§ YOUR TASK:
Nothing but the lines from the one with "image for item" down to the one with "Как сообщалось, в" should be returned, exactly and with both ends included, from the material below.

§ GIVEN DATA:
'''

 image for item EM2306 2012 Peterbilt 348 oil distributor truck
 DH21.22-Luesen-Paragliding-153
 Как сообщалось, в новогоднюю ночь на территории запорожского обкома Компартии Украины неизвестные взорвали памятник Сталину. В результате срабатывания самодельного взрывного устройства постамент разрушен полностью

'''
'''

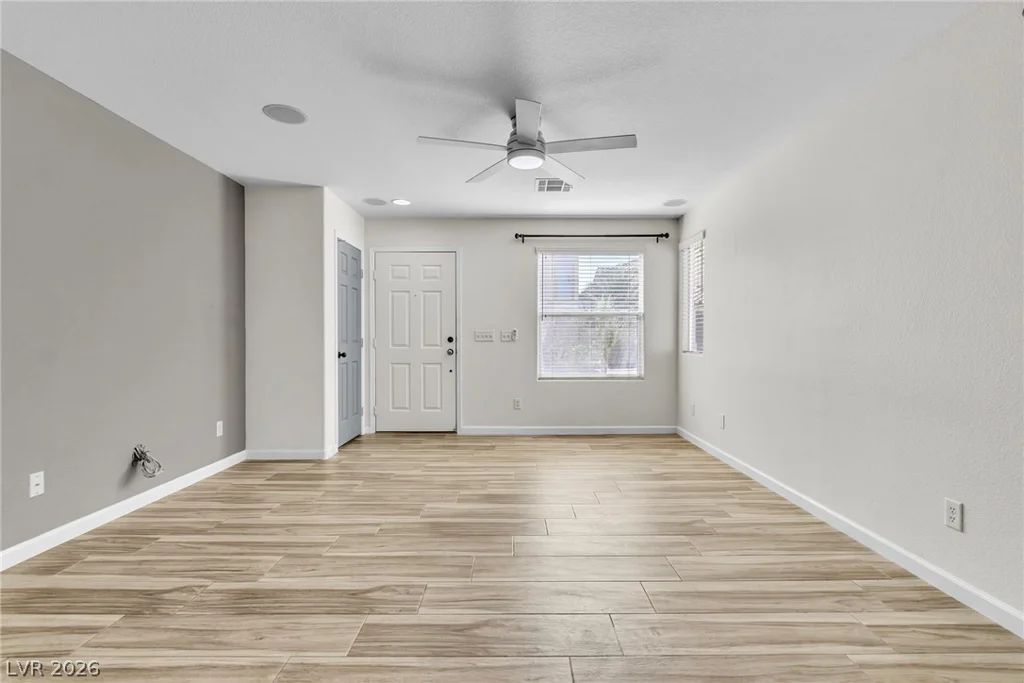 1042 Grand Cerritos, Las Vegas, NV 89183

'''
'''

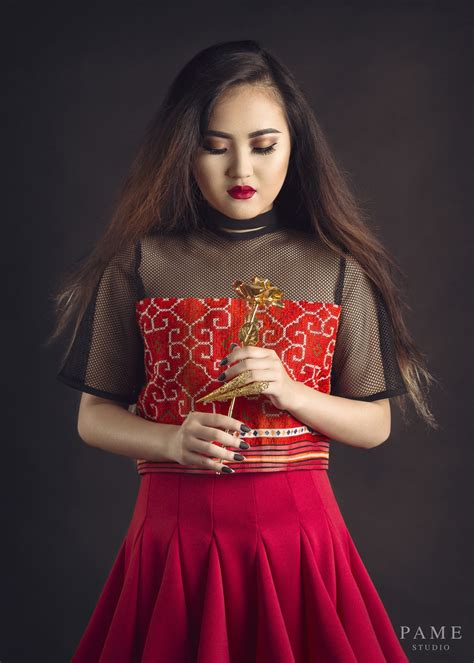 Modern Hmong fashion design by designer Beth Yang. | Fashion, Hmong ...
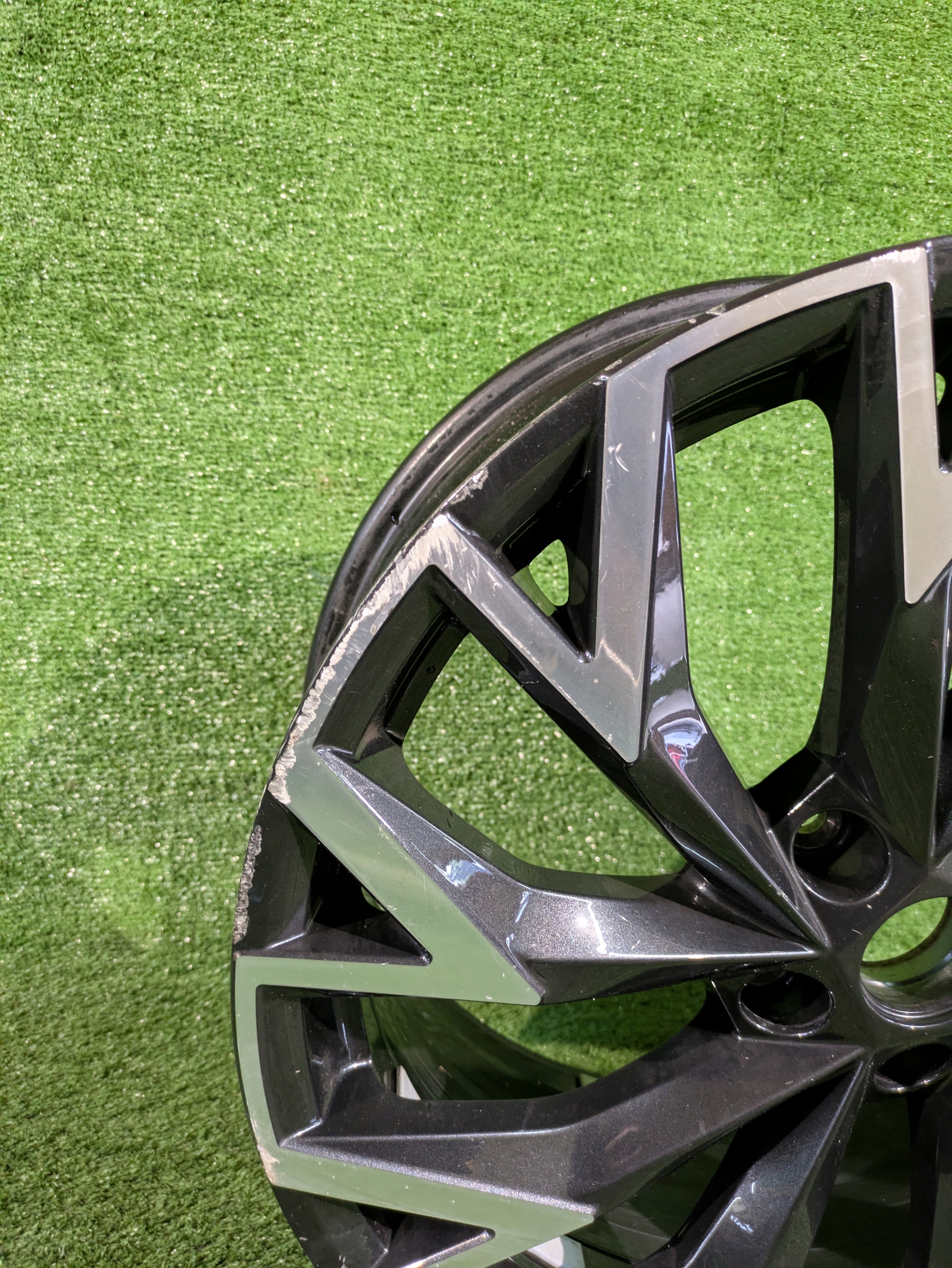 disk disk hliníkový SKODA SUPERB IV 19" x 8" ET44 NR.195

'''

§ TASK RESULT:
 image for item EM2306 2012 Peterbilt 348 oil distributor truck
 DH21.22-Luesen-Paragliding-153
 Как сообщалось, в новогоднюю ночь на территории запорожского обкома Компартии Украины неизвестные взорвали памятник Сталину. В результате срабатывания самодельного взрывного устройства постамент разрушен полностью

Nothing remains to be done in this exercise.